§ Data for this task:

::::::

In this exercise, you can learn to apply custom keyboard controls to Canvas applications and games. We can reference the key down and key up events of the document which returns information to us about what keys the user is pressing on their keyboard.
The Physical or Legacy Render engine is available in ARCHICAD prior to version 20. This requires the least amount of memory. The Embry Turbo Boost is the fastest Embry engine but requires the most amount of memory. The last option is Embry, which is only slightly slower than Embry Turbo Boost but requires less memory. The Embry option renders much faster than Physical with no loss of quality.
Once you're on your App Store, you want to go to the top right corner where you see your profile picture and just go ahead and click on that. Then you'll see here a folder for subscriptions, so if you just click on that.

::::::

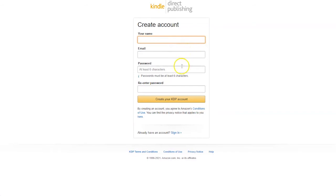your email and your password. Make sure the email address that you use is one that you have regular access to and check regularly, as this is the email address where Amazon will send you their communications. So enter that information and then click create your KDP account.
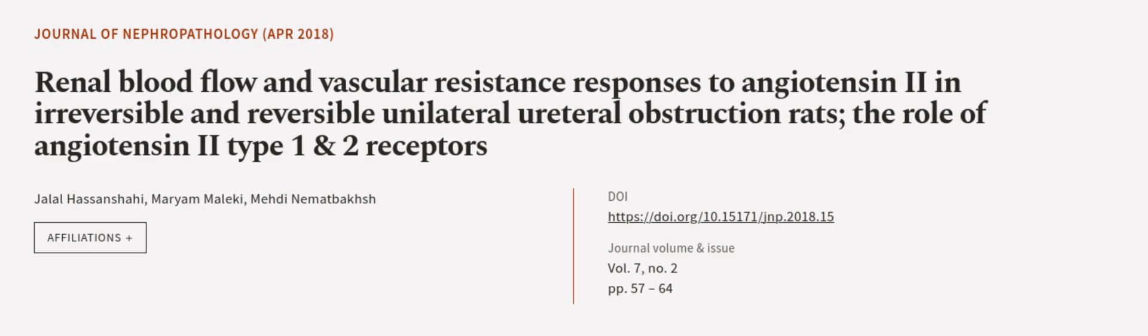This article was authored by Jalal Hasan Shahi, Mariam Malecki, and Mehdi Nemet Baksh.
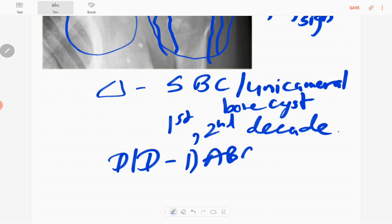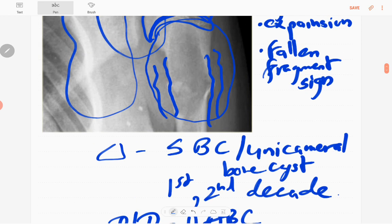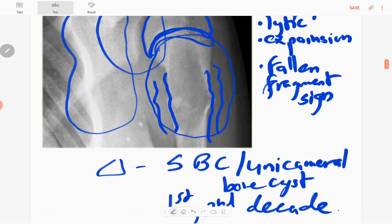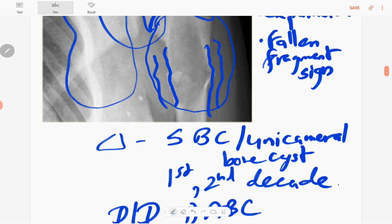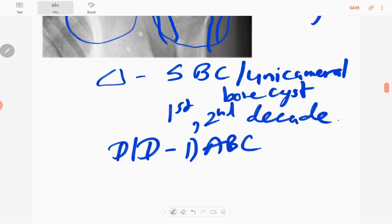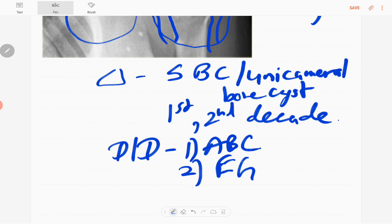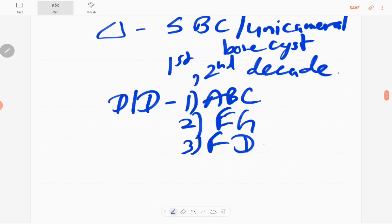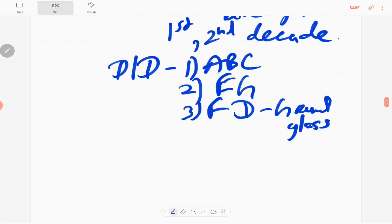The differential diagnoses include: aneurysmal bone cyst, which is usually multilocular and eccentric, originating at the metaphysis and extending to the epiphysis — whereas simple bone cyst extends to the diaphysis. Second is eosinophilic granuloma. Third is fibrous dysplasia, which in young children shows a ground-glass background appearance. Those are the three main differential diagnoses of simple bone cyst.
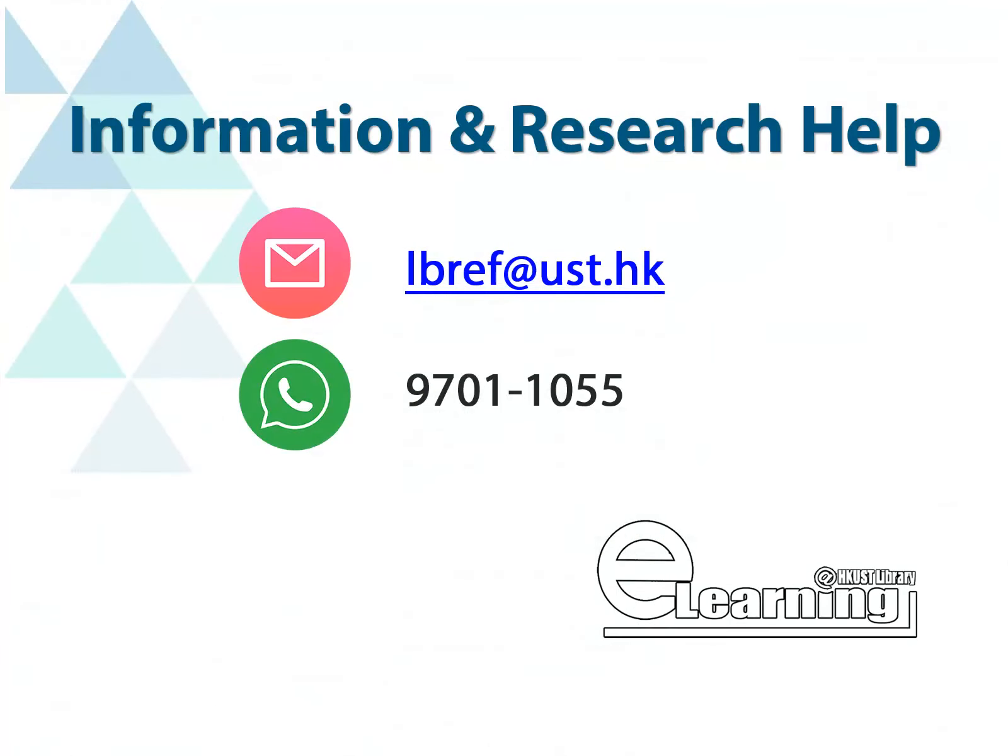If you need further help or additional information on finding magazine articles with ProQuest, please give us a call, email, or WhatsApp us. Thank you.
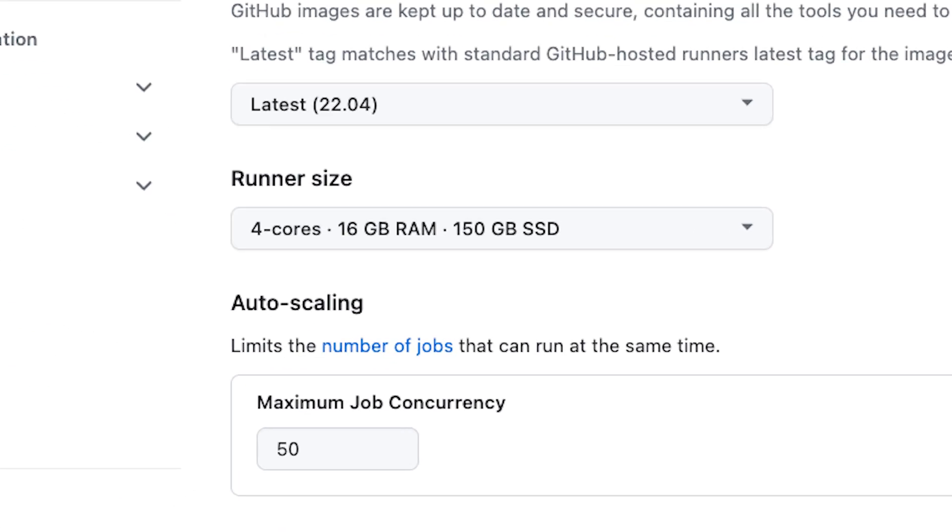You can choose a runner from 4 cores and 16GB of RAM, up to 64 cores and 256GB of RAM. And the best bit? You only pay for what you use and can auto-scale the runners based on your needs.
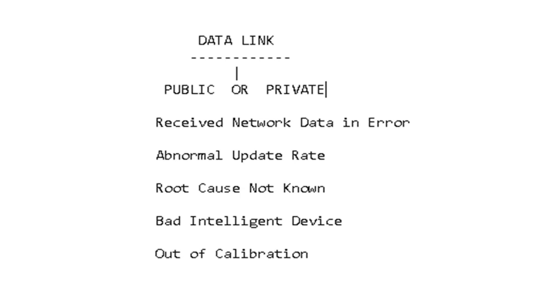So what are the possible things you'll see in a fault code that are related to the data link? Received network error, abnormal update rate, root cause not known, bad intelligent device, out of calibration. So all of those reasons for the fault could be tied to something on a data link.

::::::

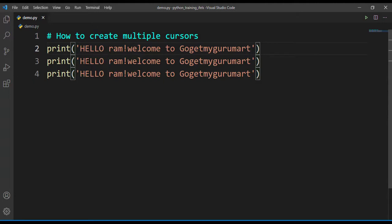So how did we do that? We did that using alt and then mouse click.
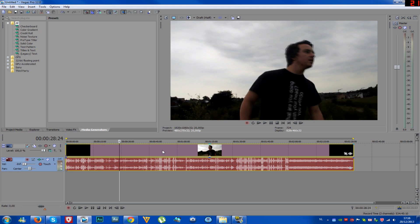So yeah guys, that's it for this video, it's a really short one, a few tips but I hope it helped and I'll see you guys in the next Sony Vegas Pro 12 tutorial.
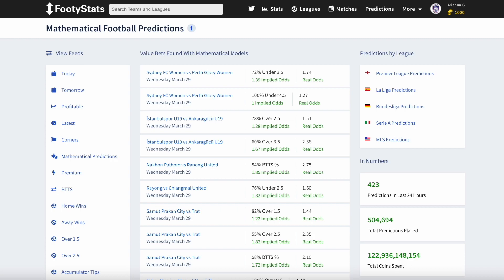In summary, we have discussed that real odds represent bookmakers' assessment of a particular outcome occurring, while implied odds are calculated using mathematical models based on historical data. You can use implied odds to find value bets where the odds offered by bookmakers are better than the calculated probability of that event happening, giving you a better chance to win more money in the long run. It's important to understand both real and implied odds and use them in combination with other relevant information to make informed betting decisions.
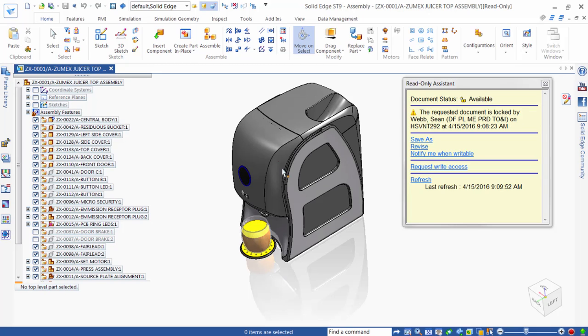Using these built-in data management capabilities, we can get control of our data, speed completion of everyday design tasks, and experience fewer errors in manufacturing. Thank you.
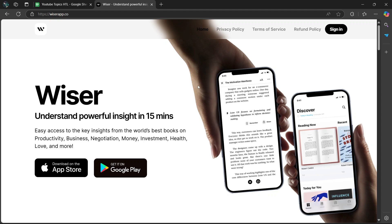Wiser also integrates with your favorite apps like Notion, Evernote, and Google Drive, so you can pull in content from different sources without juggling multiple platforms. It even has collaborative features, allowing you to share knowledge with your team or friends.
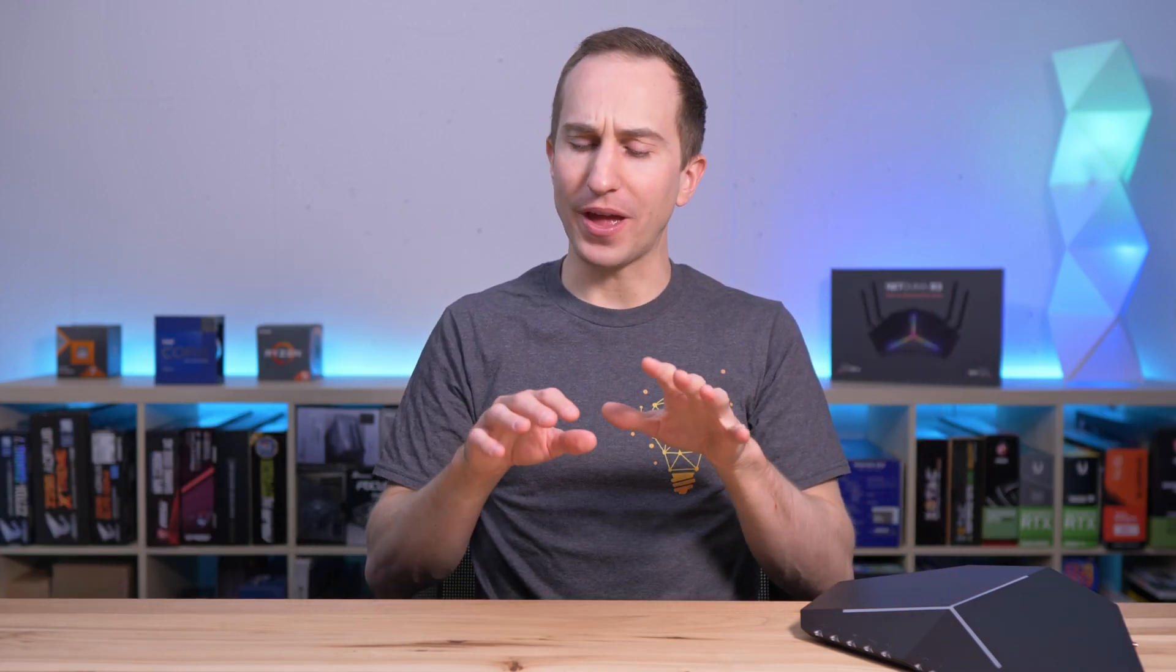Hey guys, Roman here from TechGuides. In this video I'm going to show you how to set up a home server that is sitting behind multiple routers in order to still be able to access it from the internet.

::::::

§ Problem description: Print exactly the lines above that run from the one with "Wiser also integrates" to the one with "Hey guys, Roman", both included. No pictures.

§ Answer to this task:
Wiser also integrates with your favorite apps like Notion, Evernote, and Google Drive, so you can pull in content from different sources without juggling multiple platforms. It even has collaborative features, allowing you to share knowledge with your team or friends.
Hey guys, Roman here from TechGuides. In this video I'm going to show you how to set up a home server that is sitting behind multiple routers in order to still be able to access it from the internet.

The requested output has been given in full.